C’è un’Italia che vuole stare tutta insieme, ed ironia della sorte è passata da Verona proprio nelle ore in cui un gruppo di indipendentisti manifestava nel nome dell’autonomia del Veneto. E’ l’Italia del Vinitaly, il salone internazionale del vino e dei distillati che ogni anno richiama nella fiera della città scaligera oltre 4000 tra produttori, importatori, distributori e ristoratori del Belpaese e non solo.
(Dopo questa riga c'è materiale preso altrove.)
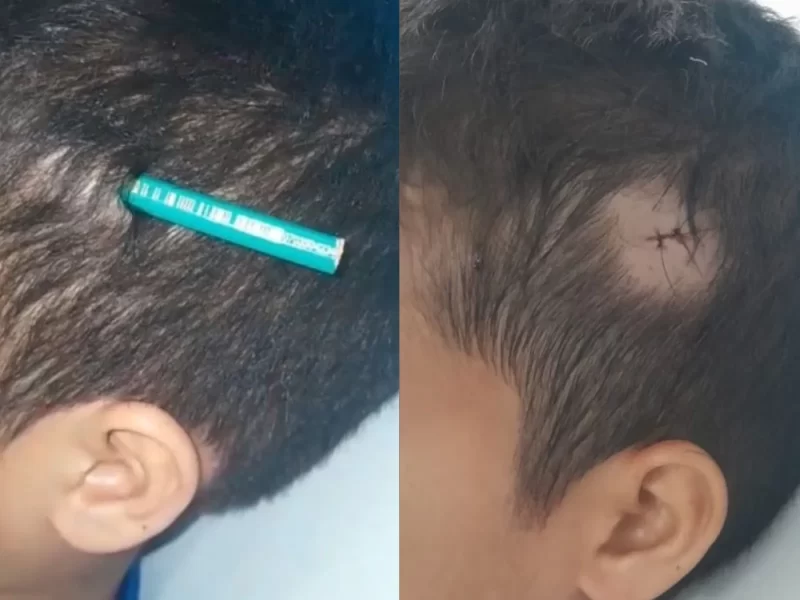 Menino-tem-lapis-fincado-na-cabeca-por-colega-de-s0131178300202508212034-1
Per ogni regione c’era uno stand e per ogni stand un mare di vini e di storie da gustare e raccontare. E così capita di imbattersi in un riminese nostalgico dei suoi anni da militare a Lecce, che l’avevano spinto ad intraprendere la sua strada da viticoltore proprio in Puglia. “Dieci anni senza mai chiudere la finestra, che bel clima che c’era”, ricorda ancora. Tipico dei romagnoli: accoglienti e positivi a parole e nei fatti. Non burberi come un anziano e comunque simpatico produttore friulano, autore di un libro ancora inedito in cui racconta delle amicizie con Pavarotti, Tognazzi e Ranieri di Monaco, della vicinanza di un suo avo colonnello a Napoleone Bonaparte (ogni capostipite della sua famiglia conserva da secoli un Napoleone d’oro a suggello di quel rapporto) e soprattutto di quanto per lui sia difficile lavorare in Italia al giorno d’oggi. “Qualche anno fa – racconta, – sono stato nominato Cavaliere della Repubblica. Oggi sono intenzionato a scrivere al presidente Napolitano per rinunciare a questa carica della quale mi ha insignito uno Stato che non tutela chi lavora”.
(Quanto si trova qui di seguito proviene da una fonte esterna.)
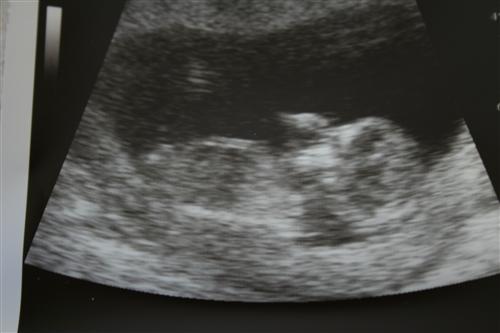 External Image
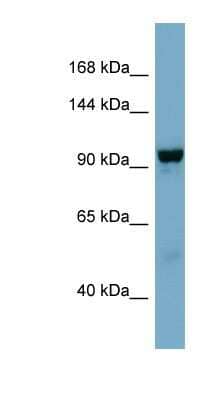 Western Blot: NDST4 Antibody [NBP1-62410]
Orgoglio italiano, voglia di fare di chi si è sporcato le mani di terra e non pretende altro se non continuare a farlo senza che nessuno gli metta i bastoni tra le ruote. Voglia di lavorare che, nonostante qualcuno pensi il contrario, appartiene anche ai meridionali; come ad esempio a un salumaio calabrese, che spedisce i suoi prodotti in tutto lo stivale e spiega che “il salame piccante è un aperitivo, non può rovinarti la bocca prima di un pasto, le cose vanno fatte bene”. Sembra quasi una metafora della buona imprenditoria, in cui non vince chi più fa ma chi meglio fa, non chi rischia di più, ma chi rischia meglio.
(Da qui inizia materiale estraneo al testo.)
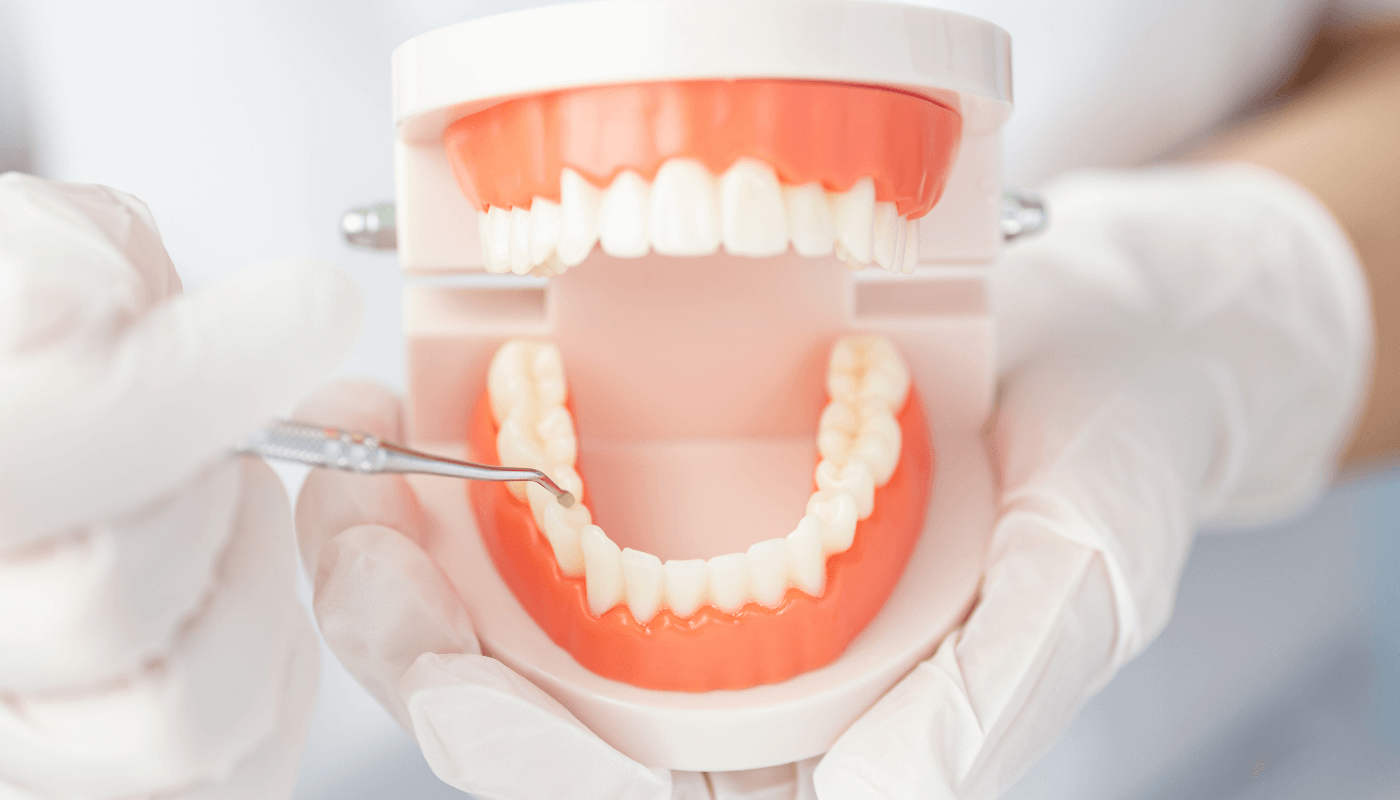 開いた状態の歯の模型写真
C’era l’Italia a Verona in questi giorni, di secessionisti neanche l’ombra. Guai a nominarli, anzi: erano tutti pronti a discuterne atteggiamenti e ragioni. Per le strade di Verona ci sono targhe e insegne a ricordare ferite ancora aperte lasciate nell’ottocento dagli austriaci, costretti a lasciare il Veneto dopo l’Unità d’Italia. Eppure c’è chi non ricorda, chi vorrebbe cancellare la storia nel nome di una battaglia anacronistica e paradossale. Tanto da porre il dubbio se scorresse più vino alla fiera o nelle piazze. Di certo era più buono quello del Vinitaly, rassegna simbolo di un Paese che sa produrre ricchezza e vuole continuarlo a fare, unito.